───── STORED DATA ─────

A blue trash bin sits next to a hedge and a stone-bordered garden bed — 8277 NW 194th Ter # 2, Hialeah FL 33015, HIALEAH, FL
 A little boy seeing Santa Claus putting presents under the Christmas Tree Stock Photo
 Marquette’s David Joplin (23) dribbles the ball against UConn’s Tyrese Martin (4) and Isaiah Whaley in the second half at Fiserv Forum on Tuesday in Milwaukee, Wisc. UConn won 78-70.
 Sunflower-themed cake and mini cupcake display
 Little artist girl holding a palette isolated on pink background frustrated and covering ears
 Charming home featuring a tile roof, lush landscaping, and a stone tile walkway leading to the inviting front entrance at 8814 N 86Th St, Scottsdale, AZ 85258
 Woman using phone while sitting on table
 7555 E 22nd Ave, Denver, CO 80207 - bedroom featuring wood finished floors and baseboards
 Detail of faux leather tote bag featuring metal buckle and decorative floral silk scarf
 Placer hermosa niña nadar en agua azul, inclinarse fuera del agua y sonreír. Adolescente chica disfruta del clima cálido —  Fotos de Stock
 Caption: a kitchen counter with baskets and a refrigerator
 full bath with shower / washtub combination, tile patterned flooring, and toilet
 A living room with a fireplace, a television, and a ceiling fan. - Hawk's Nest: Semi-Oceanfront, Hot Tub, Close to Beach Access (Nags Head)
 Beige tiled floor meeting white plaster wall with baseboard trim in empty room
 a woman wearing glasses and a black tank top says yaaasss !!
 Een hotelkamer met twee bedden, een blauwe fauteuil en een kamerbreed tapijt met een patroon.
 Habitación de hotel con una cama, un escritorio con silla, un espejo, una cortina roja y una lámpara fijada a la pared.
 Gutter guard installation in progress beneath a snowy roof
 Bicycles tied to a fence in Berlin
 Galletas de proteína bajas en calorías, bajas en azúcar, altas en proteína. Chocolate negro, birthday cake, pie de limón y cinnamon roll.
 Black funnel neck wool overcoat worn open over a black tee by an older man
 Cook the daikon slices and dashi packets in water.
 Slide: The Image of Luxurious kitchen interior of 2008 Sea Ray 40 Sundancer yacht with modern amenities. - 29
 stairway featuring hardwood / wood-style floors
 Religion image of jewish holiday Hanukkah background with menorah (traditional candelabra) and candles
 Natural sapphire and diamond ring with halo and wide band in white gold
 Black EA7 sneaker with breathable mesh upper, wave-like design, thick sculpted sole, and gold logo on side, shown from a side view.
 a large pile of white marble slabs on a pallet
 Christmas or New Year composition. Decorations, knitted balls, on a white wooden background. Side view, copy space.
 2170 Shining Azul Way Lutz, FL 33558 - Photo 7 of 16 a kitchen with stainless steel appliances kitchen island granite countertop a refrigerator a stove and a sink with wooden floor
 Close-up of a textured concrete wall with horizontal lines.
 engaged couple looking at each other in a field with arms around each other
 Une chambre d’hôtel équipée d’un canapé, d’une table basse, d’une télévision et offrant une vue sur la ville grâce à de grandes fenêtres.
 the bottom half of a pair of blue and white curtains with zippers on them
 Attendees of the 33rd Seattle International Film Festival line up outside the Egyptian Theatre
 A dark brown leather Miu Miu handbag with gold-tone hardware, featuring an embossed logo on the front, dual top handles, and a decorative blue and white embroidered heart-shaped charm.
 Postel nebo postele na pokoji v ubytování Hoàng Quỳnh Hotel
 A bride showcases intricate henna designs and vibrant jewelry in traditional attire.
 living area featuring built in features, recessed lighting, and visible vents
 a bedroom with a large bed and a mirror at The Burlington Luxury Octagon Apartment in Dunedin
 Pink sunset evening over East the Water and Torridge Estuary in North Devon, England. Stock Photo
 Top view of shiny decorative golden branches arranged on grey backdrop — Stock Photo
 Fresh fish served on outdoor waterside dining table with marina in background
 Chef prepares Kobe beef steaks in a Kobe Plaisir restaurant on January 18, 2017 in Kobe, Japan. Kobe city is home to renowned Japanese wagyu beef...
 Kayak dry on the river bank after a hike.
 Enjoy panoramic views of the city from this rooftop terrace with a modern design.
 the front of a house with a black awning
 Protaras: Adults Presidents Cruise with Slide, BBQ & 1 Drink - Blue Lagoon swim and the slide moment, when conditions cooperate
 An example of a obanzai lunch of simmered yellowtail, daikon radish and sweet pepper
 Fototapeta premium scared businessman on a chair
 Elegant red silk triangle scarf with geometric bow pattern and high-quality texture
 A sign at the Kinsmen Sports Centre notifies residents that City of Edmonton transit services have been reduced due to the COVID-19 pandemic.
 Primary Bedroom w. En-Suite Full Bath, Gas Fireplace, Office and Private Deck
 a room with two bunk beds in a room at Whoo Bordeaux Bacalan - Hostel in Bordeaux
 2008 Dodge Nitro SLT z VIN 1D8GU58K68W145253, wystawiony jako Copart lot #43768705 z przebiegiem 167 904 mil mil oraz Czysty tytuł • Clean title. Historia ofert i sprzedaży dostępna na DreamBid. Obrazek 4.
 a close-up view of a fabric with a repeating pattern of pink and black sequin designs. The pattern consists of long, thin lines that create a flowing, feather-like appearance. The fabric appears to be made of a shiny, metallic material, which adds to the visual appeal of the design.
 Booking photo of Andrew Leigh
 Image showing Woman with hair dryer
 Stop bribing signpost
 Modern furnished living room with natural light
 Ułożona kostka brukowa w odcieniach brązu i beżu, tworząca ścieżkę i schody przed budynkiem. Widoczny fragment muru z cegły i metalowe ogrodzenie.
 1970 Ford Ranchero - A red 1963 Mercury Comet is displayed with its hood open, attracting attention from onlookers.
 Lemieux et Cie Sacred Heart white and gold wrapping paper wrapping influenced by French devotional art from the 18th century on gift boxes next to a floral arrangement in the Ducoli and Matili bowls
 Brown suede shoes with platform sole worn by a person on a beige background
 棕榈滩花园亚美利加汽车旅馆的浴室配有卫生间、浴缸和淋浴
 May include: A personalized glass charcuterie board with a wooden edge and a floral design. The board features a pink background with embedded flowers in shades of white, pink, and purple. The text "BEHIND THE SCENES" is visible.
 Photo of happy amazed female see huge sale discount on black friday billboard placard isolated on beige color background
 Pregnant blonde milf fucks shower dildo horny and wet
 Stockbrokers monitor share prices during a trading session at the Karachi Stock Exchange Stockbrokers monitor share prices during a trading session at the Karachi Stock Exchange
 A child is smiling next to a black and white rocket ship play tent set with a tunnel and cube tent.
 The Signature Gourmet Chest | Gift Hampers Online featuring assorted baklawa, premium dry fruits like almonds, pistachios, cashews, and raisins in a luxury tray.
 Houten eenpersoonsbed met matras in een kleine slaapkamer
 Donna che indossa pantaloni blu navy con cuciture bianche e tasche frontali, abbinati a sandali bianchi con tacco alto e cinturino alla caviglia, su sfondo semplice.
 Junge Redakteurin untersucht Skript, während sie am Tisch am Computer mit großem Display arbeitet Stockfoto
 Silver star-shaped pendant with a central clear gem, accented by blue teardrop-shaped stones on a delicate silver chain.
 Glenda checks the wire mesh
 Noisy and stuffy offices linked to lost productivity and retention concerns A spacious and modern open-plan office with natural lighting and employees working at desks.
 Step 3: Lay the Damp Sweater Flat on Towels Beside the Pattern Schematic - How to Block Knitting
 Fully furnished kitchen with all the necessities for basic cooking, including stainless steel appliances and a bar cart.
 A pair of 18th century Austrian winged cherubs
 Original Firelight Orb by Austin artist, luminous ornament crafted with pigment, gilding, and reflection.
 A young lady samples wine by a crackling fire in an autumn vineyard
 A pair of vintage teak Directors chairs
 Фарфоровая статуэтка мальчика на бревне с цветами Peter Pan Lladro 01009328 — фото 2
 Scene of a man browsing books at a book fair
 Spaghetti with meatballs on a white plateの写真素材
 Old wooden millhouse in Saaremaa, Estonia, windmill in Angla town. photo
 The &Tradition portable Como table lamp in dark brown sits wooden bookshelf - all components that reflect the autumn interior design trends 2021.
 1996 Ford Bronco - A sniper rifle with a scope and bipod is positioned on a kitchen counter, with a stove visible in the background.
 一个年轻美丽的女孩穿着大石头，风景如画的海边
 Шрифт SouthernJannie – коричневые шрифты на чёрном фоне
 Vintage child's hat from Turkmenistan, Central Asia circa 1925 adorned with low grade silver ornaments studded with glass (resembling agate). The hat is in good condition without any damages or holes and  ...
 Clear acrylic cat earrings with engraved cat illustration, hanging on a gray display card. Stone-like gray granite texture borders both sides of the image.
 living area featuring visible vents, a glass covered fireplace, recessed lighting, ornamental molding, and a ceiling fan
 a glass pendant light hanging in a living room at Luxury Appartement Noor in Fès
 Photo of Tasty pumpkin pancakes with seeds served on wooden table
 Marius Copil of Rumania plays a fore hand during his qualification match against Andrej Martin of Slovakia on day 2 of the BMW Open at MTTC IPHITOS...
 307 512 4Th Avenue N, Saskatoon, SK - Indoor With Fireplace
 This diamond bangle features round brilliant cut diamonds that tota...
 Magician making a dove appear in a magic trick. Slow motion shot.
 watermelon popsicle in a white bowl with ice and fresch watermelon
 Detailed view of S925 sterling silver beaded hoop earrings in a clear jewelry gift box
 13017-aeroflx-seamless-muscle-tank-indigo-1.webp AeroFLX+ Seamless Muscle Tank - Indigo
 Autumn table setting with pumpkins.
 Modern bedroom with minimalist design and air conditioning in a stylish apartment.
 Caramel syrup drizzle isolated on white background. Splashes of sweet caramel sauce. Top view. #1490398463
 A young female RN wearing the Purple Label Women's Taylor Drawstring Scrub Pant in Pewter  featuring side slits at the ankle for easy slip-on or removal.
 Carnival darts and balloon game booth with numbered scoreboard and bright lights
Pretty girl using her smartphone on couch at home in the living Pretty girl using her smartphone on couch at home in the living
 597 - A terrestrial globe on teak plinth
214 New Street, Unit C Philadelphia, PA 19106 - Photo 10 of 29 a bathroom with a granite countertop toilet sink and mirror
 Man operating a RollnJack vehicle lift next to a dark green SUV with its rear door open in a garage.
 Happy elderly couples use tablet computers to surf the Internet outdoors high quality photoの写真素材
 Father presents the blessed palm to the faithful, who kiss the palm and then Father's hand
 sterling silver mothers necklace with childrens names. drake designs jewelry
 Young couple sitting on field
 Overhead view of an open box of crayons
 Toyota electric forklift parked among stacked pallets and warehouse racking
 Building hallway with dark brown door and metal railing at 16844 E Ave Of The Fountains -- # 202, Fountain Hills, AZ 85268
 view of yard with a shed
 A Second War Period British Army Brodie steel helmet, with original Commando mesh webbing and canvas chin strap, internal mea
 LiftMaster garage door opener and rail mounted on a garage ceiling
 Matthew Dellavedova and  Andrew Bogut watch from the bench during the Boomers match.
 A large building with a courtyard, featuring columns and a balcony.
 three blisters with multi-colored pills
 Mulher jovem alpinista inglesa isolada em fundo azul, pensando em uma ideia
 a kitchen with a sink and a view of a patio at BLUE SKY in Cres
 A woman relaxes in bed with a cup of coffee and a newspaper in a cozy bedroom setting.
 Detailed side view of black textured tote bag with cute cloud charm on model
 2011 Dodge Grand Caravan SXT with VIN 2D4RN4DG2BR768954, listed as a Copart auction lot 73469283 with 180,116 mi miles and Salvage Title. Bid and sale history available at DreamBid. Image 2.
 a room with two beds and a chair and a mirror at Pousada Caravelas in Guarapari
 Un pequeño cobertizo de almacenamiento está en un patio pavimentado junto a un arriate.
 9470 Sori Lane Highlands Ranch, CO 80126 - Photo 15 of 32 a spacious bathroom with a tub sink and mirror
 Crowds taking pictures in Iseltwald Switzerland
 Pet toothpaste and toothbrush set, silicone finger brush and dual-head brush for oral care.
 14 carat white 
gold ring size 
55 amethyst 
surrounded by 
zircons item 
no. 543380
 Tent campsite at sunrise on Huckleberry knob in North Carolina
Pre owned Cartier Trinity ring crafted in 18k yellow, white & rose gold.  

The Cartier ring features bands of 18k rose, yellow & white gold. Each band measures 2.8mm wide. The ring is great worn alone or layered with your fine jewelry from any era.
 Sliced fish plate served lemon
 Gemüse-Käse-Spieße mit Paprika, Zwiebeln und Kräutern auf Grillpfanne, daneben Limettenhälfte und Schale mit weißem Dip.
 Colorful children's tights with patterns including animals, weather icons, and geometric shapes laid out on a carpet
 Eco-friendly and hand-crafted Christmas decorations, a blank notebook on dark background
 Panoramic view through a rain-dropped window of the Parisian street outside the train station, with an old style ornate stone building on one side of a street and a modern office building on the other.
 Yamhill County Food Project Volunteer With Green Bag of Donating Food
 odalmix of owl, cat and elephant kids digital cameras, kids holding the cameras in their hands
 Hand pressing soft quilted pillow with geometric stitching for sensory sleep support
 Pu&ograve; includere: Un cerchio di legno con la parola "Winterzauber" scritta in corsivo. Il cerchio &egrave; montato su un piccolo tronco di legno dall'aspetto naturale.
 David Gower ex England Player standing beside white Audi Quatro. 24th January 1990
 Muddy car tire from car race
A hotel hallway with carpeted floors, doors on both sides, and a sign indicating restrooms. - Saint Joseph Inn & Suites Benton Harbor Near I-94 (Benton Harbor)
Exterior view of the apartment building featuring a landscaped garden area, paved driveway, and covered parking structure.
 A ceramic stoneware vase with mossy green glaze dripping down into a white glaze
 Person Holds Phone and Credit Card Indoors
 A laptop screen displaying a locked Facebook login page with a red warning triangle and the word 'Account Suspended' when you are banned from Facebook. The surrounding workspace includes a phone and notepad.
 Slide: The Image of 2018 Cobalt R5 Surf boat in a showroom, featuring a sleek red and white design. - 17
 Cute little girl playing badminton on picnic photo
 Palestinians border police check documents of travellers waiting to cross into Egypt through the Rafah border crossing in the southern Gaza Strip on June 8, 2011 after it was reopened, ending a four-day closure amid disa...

─────

Set down, exactly as written, each line of the data from its opening line through the one containing "7555 E 22nd". Output nothing more.

A blue trash bin sits next to a hedge and a stone-bordered garden bed — 8277 NW 194th Ter # 2, Hialeah FL 33015, HIALEAH, FL
 A little boy seeing Santa Claus putting presents under the Christmas Tree Stock Photo
 Marquette’s David Joplin (23) dribbles the ball against UConn’s Tyrese Martin (4) and Isaiah Whaley in the second half at Fiserv Forum on Tuesday in Milwaukee, Wisc. UConn won 78-70.
 Sunflower-themed cake and mini cupcake display
 Little artist girl holding a palette isolated on pink background frustrated and covering ears
 Charming home featuring a tile roof, lush landscaping, and a stone tile walkway leading to the inviting front entrance at 8814 N 86Th St, Scottsdale, AZ 85258
 Woman using phone while sitting on table
 7555 E 22nd Ave, Denver, CO 80207 - bedroom featuring wood finished floors and baseboards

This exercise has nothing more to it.